As a teenager growing up in Stonehaven, I spent many a Hogmanay trying to get a snog singe distance from those great balls of fire. Sparks literally flew. I can still smell my hair burning while holes melted into my good Nevica jacket. Happy days.

Do people still first-foot?

Who’s getting The Steamie on? Who’s queuing round the block for a steak pie everyone will be too hungover to eat tomorrow? Are you first-footing? Do people still do that?

I live in the city and the idea of tall dark strangers trying to bring me coal or whatever and start a fight in my living room is about as appealing as a glass of grandad’s ginger wine from 1963.
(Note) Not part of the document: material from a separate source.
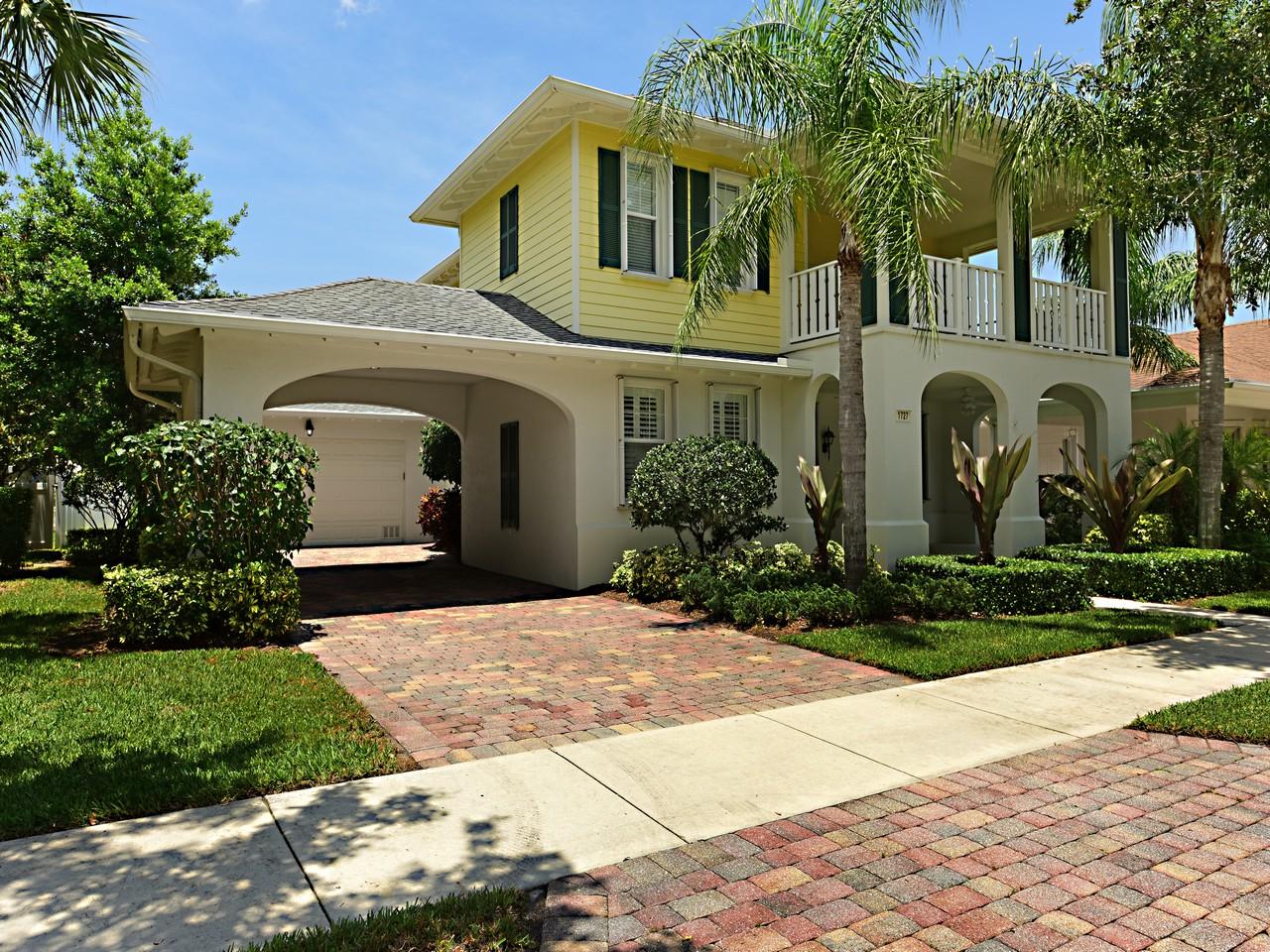 1727 W Community Drive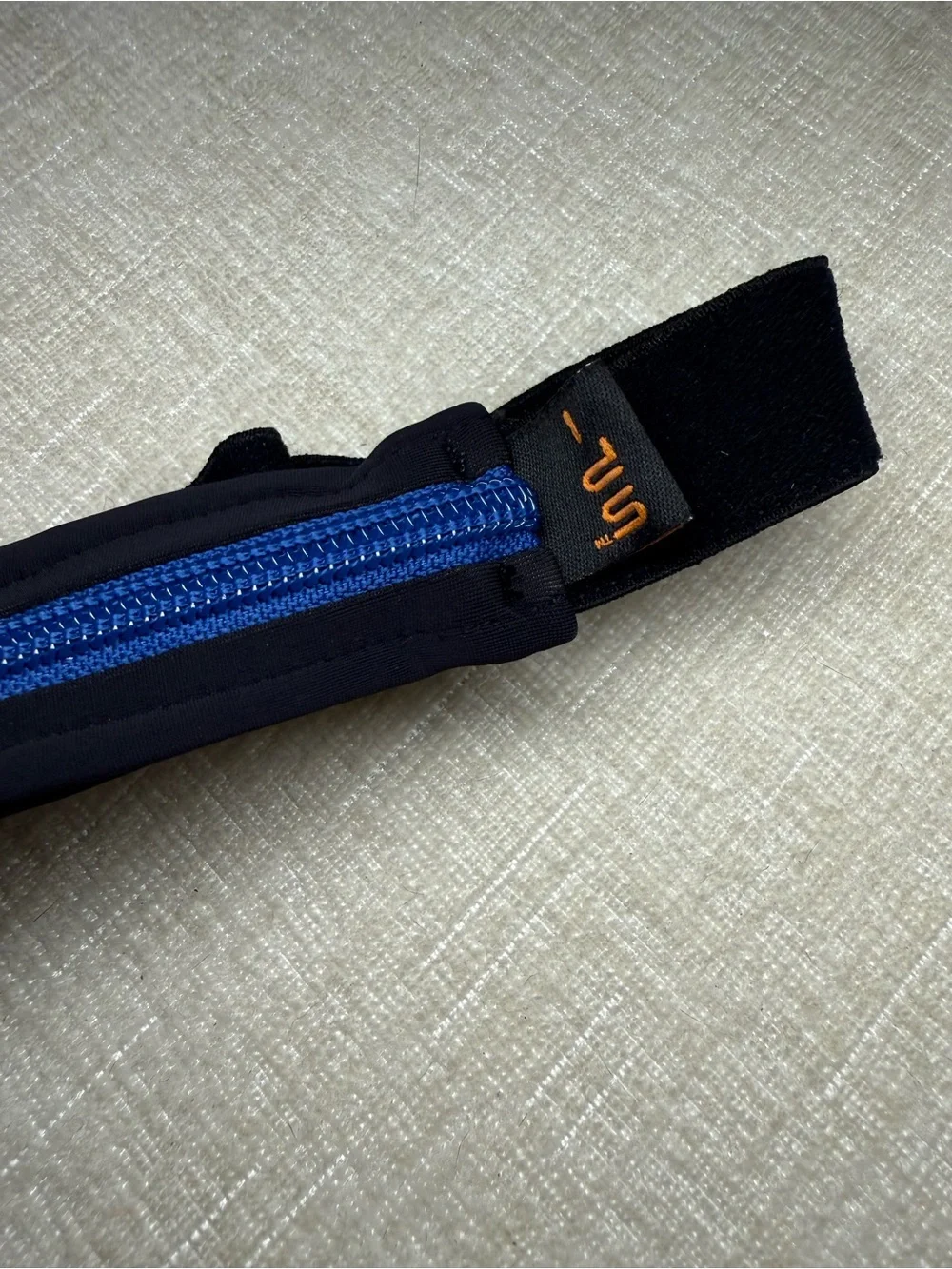 Performance Running Belt with Blue Zipper - Women’s Accessories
By the way, if you have to cut through cobwebs to get to a drink, it’s not worth it. You’ve come this far. Death by Mirage or Taboo would be an anticlimax to say the least.

Speaking of anticlimaxes…

“That’s the bells!” you mouth, manically pointing at the space where your watch used to be (before you swallowed it for a dare at the office Christmas party). Someone on the telly, voice intact, says…

“Ten”

It’s nearly time for the countdown to the bells…

And suddenly time slows down as you wonder if you’ve still got a good excuse not to kiss everyone in the room…

“Nine”

Time speeds up again as you head for the exit…
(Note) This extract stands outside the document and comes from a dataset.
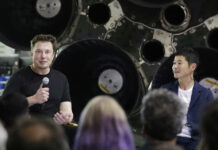 1st Private Moon Flight Passenger to Invite Creative Guests SpaceX founder and chief executive Elon Musk, left, announces Japanese billionaire Yusaku Maezawa, right, as the first private passenger on a trip around the moon, Monday, Sept. 17, 2018, in Hawthorne, California. Photo: Chris Carlson / Associated Press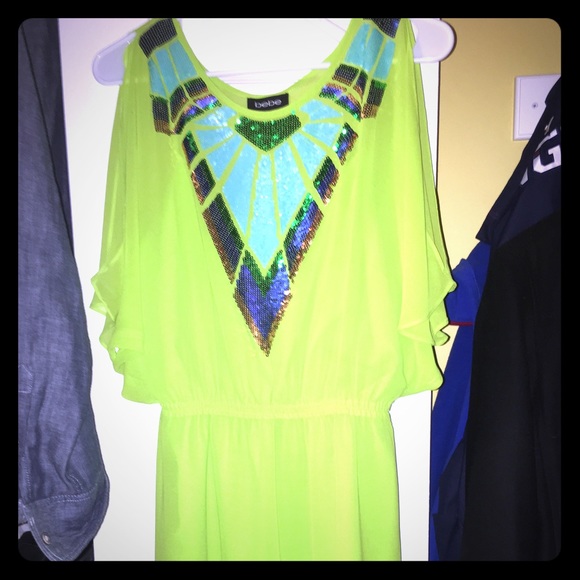 Bebe dress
“Eight, seven, six, five, four, three, two…”

The long final second

And in a long final second, you stop, spin round and see that in this room are some of the people you love most in the world, who didn’t get to party with you last year and the year before, who followed the rules with you through the hardest of times, and who are here now – notwithstanding your behaviour over the last few weeks – to celebrate being together, with you, however tough the year ahead might look.

And as your heart fills with love, a thought occurs…

“One”

You open your arms wide to everyone in the room, and using any form of communication still available to you, you tell them…

“Happy New Year! I’ve got cold sore, sorry!”

And at this point in the party season, that’s probably true.